ECONOMYNEXT – Sri Lanka’s recent appreciation is starting to squeeze apparel exporters as their domestic costs including wages and energy, were hiked over recent months, when the rupee fell steeply, an industry official said.

Companies had raised salaries and emoluments at rates averaging 25 percent for workers while transport costs have also gone up but not has come down, Yohan Lawrence Director General of the Join Apparel Association Forum said.

Apparel factories in particular also provide transport and some meals for workers.

Electricity prices have also been hiked, based on the rupee which was weaker. A tariff cut is expected from June after the rupee appreciated and imported fuel prices fell.

Sri Lanka’s rupee collapsed in 2022 from 200 to 360 to the US dollar as interest rates were suppressed with liquidity injections and a failed attempt was made to float the rupee with surrender requirement in place.

From the second half of 2022, with higher interest rates and negative private credit, the central bank has avoided printing money under conditions which are generally accepted to be difficult, and is broadly running deflationary open market operations, triggering a balance of payments surplus and putting the rupee under upward pressure.

Central bank net credit to government which was 3,302 billion rupees in September in 2022, was down to 3,209 billion rupees by March 2023, part of which was due to rollovers, analysts say.

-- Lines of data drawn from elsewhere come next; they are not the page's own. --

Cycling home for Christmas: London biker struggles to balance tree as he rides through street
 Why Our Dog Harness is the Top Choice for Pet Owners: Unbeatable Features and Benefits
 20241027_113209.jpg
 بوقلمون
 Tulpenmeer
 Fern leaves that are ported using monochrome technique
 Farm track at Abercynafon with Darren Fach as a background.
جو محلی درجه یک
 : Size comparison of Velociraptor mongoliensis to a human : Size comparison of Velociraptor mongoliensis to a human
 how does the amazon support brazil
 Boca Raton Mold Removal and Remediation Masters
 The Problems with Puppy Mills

Market pricing of fuel and electricity by the Ministry of Energy and also spending controls and tax hikes buy have also helped contain domestic credit.

Sri Lanka also has mandatory conversion rules, imposed on exporters, which is a concern for exporters.

“We believe rupee should be at its natural level, but with forced conversions you won’t get the correct picture,” Lawrence said.

Sri Lanka has to release a plan to remove import controls, exchange controls and other restrictions imposed in the period where policy rates were suppressed with liquidity injections (so-called multiple currency practices and capital flow measures) by June under the IMF program.

Apparel exporters have also seen orders fall amid tighter conditions in Western markets.

The central bank has to peg (intervene actively in forex markets and create money) to meet reserve targets under an IMF program and cannot free float (avoid creating money through international operations) the rupee.

The newly created money has generally been absorbed in an overnight liquidity shortage.

There have also been foreign purchases of rupee Treasuries. Amid a contraction in credit, the inflows also do not turn into imports fast as the money if the money is spent.

By making purchases a little below what is allowed by the contraction in domestic credit, the rupee can be allowed to appreciate, analysts say.

The central bank has so far allowed the rupee to appreciate to around 300 to the US dollar from 360 levels under a transparent guidance peg up to February.

Except after the 2008/2009 currency crisis, Sri Lanka’s central bank has not previously allowed to the rupee to appreciate under IMF programs where the first year in particular sees balance of payments surpluses, before private credit and domestic investments picks up again.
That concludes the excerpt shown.